Zac Efron (“17 Again,” “Hairspray”) is growing up. Shedding his teen “heart-throb” image, Efron’s latest film is a romantic drama with spiritual overtones, and a choice–choose life or choose death.
Based on an acclaimed novel, “Charlie St. Cloud” is the story of a small-town hero who’s destined for greatness. Skilled at a water sport that involves sailing at very high speeds, St. Cloud, is about to graduate from high school and is looking forward to a very promising future.
Single mom played by Kim Basinger relies on Charlie to baby-sit his younger brother Sam (newcomer Charlie Tahan). But Charlie, aching to go to a high school graduation party, agrees to take Sam to a friend’s home.

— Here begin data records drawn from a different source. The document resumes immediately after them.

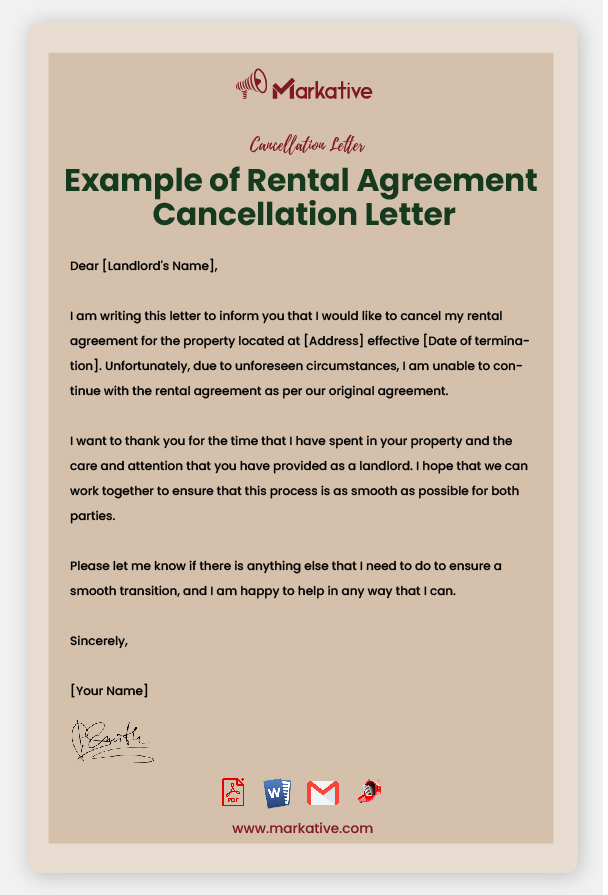 Example of Rental Agreement Cancellation Letter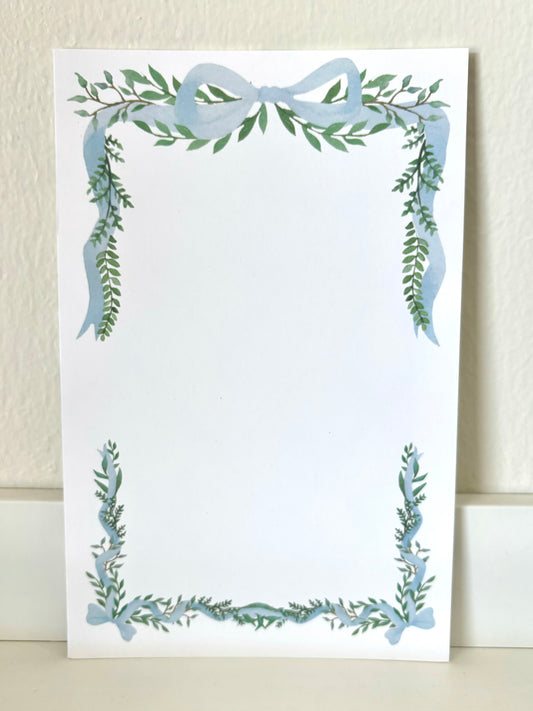 Blue Ribbon & Green Garland Invitation - 10 CT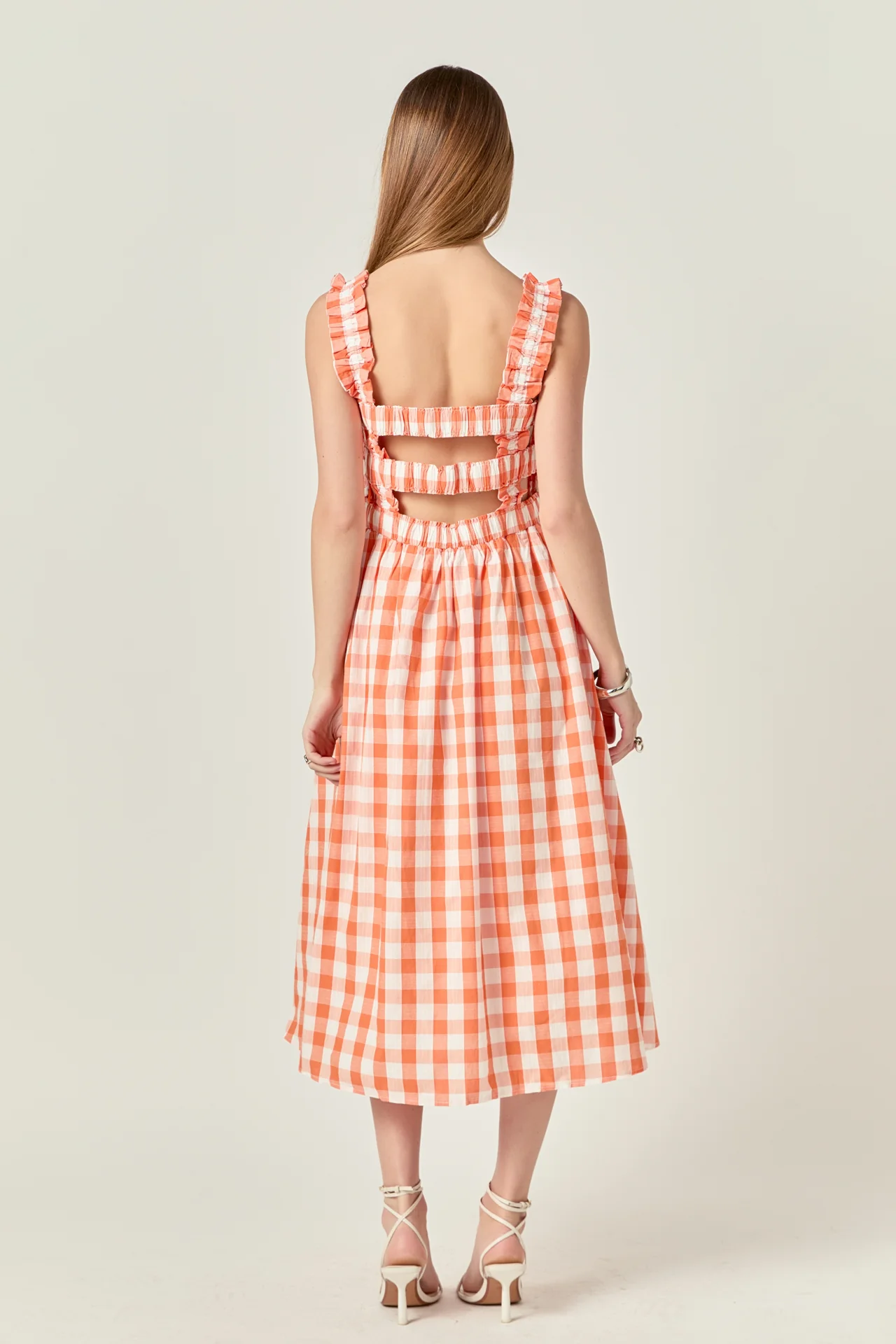Check Print Smocked Dress - Image 9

Then tragedy strikes. The two are involved in a car accident, and when it looks as if they are about to die, the brothers reach out to one another. In that moment, Charlie swears to Sam that he will never leave him. But abruptly, Charlie is revived by the intervention of determined paramedic Florio Ferrente played by Ray Liotta (“Goodfellas,” “Date Night”). Sam, tragically, could not be saved. Charlie is inconsolable.
Endeavoring to keep his promise to his younger brother, Charlie gives up his scholarship to Stanford and opts to stay in his sleepy Pacific Northwest hometown working as a graveyard attendant, and is teased about being just a little ‘nutty.’
One interesting thing about this movie is the multiracial cast. I found it interesting to see so many Black characters entwined in the story. They star in roles from extras to Charlie’s arch-enemy always ready with a nasty remark–Connors, played by Matt Ward. It was fun to see this character, who was so a part of this sea-faring town–something you don’t often see in films, when it comes to Black characters living in this area of the country.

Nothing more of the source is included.